Last Friday, the judge who presided over Kobe Bryant’s “rape” case announced that more sealed documents will soon be released.
With new facts emerging from the now-dismissed criminal case and a related civil court case pending, the debate surrounding Bryant continues.
The manner in which society, the media and perhaps the law approach “victims” is being gradually redefined.
One of the most controversial questions raised is whether Bryant’s accuser should be publicly named. During the criminal proceeding, the accuser’s name and most of her history received the nominal protection of Colorado’s Rape Shield Law. A media taboo against identifying “victims” of sexual assault ensured anonymity in the mainstream press.
But her name, photo and history flashed across the Internet. True anonymity was a futile exercise because too many people believed it was patently unfair to name Bryant, who was legally presumed innocent, while extending the automatic presumption and protection of victimhood to his accuser. Veteran journalist Geneva Overholser felt strongly enough about that unfairness to resign from the Poynter Institute a noted journalism education organization because it deleted the accuser’s name from one of her columns.

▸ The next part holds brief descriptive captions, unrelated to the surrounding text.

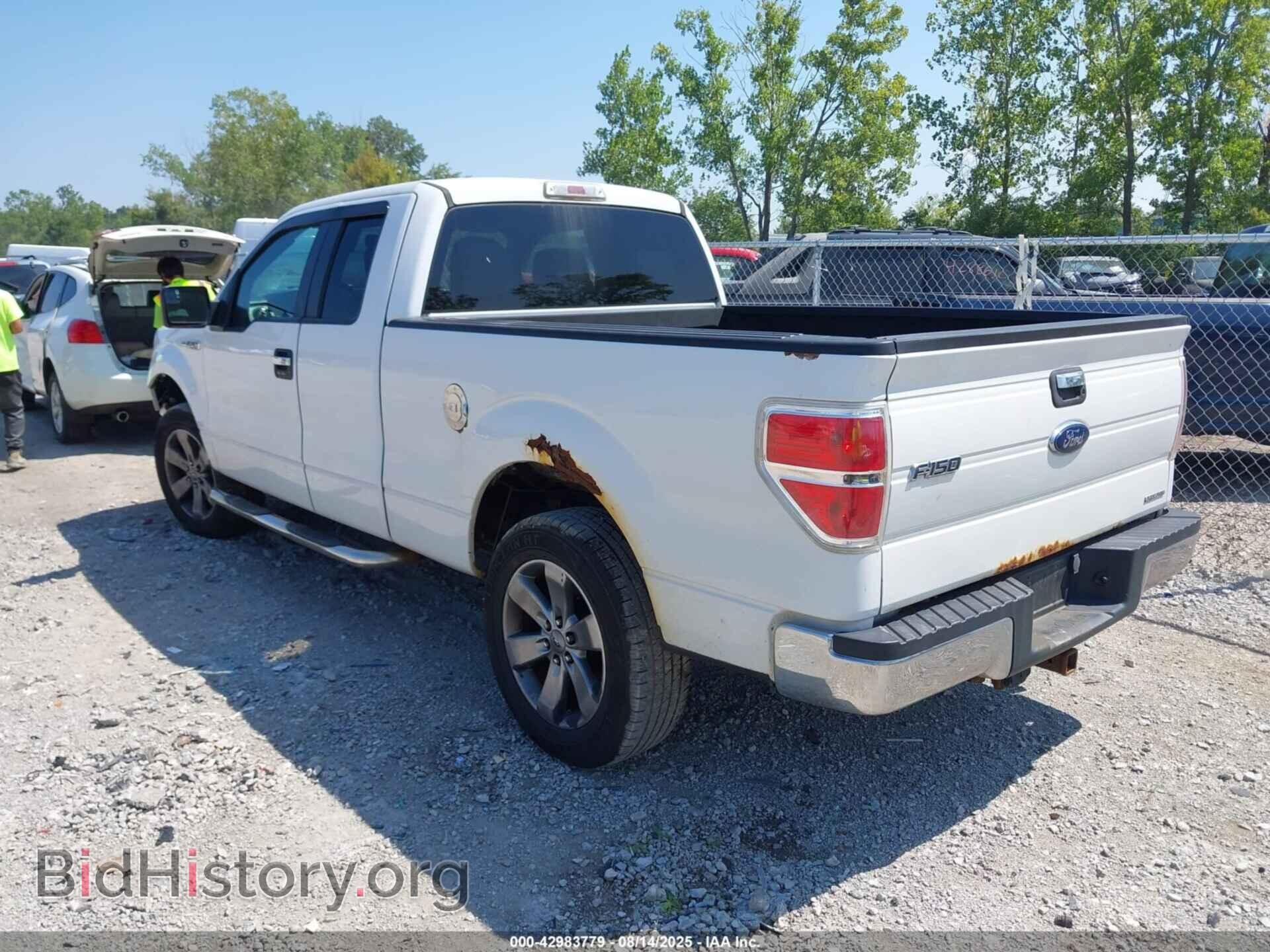 2013 FORD F-150 - VIN: 1FTFX1CF6DFB17533 - Фото 3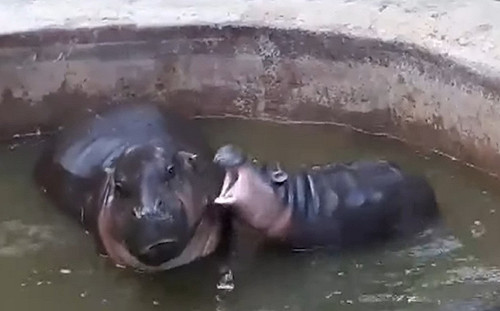 (影)小河馬狂「盧」媽媽刷存在感　慘遭忽視秒翻肚：我好可憐！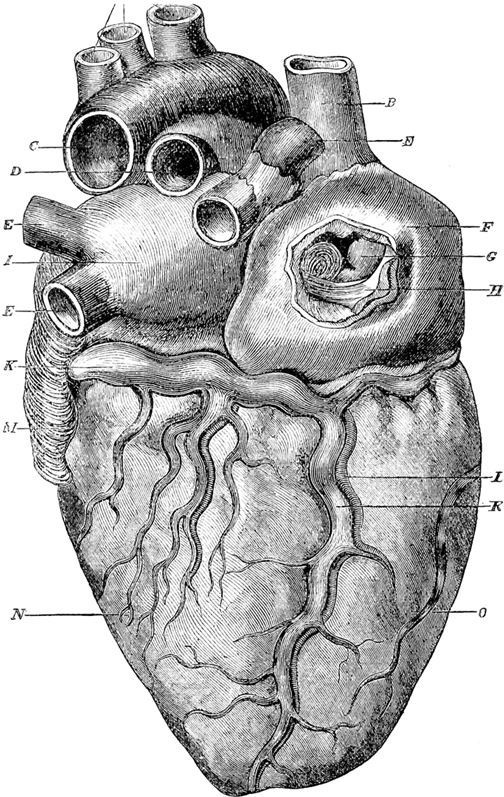 Иллюстрация к книге — Взламывая биологию [i_109.jpg]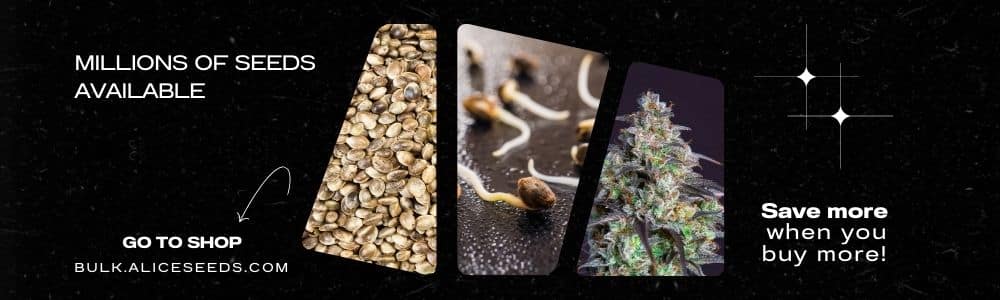 Grow with Alice Seeds Premium Bulk Cannabis Seeds Available Now (1)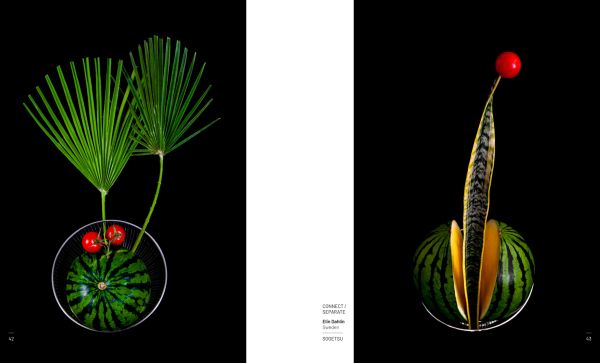 Book cover of Ikebana. Opposites Attract. Published by Stichting.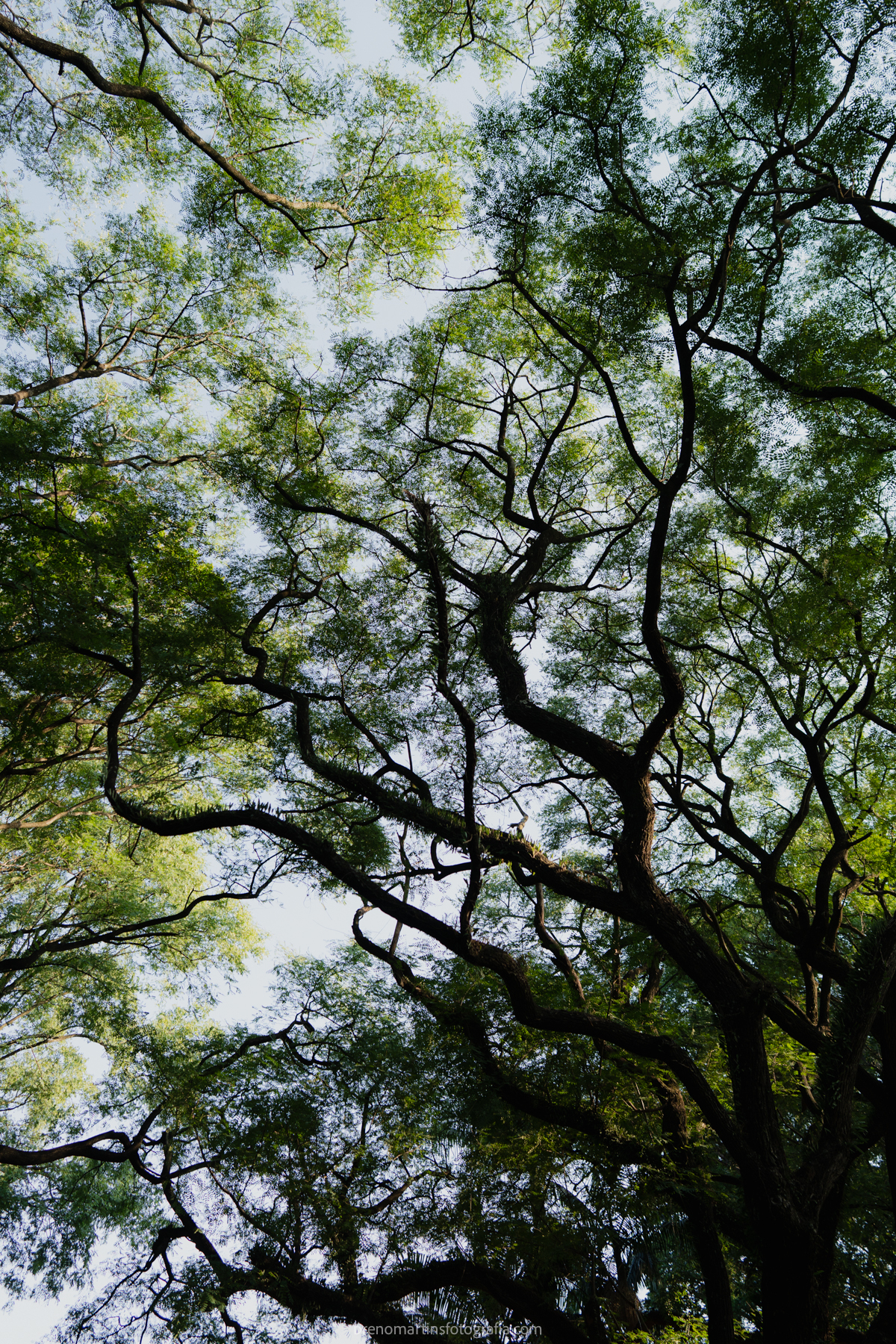 rafaela-eduardo-casamento-casa-magna-sorocaba-@brenomartinsfoto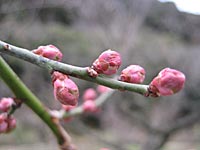 つぼみのアップ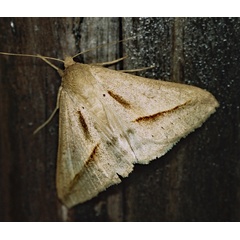 /filer/webapps/moths/media/images/P/proverai_Mocis_A_Roland_01.jpg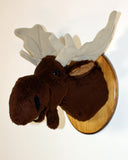 Moose medium Plush Wall Mount - 'Shorty'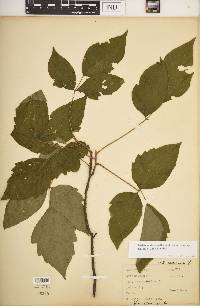 Toxicodendron radicans subsp. negundo image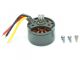 FliteZone Hauptmotor MD500 (15977)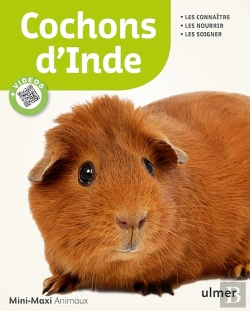 Bertrand.pt - Cochons D'Inde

The issue of accuser anonymity is being debated on two basic levels: Is it fair; and, is it possible?
Both questions arise in the civil suit even though that venue extends no legal protection to an accuser’s identity. The accuser asked to be identified as “Jane Doe” on her complaint. Federal Judge Richard Matsch denied the motion, stating, “The parties appear as equals before the court and that fundamental principle must be protected throughout these proceedings.”
He added that the accuser’s identity was already well known.
The media taboo against naming “victims” is also weakening. Last week, a respected Denver newspaper, The Rocky Mountain News, identified the accuser both on its Web site and in a print edition. Editor John Temple explained that fairness required both parties in a civil case to be named. So far, most major media has not followed suit one exception: the FOX News Channel and FOXNews.com, which identified her last Friday, and FOX News’ Greta Van Susteren, who discussed the topic on her Friday show.
Should accusers be named in criminal and civil court cases? Those who wish to identify either both or neither of the parties do so largely out of a desire to reduce false accusations.
Similarly, naming an accuser holds him or her accountable to the community. It also permits anyone who can substantiate or discredit a claim to come forward.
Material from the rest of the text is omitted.